Chancellor Olaf Scholz on Saturday inaugurated Germany’s first liquefied natural gas (LNG) terminal in the northern port city of Wilhelmshaven.
Scholz hailed the terminal as a “very, very important contribution to our security,” saying it will help reduced the country’s energy dependency on Russia.
After Moscow launched its war on Ukraine, Germany quickly decided to build its LNG infrastructure to make its energy supply independent of pipeline gas from Russia, he said.
Referring to plans to build four more LNG terminals by the end of 2023, Scholz said: “By the end of next year, we are expected to have an import capacity of over 30 billion cubic meters of gas.”
According to the German government, the planned LNG terminals can meet a third of the country’s natural gas needs.

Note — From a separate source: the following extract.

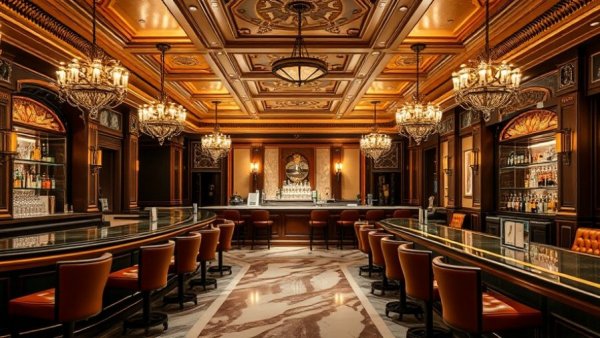 Luxurious Bourbon Steak San Francisco bar interior with art deco style.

Scholz gave the nod for the construction of terminals in Wilhelmshaven and Brunsbuttel on Feb. 27, just three days after the start of Ukraine war.
To receive enough LNG to replace Russian gas entirely in the coming years, Berlin is also building LNG terminals in Stade and Lubmin.
The German government is trying to diversify its natural gas supply sources by purchasing more gas from Norway and increasing imports via pipelines from Belgium and the Netherlands.
Before the Ukraine war, Russia was supplying 55% of Germany’s natural gas.
Since the Nord Stream pipeline blasts in September, Germany has been importing no gas from Russia.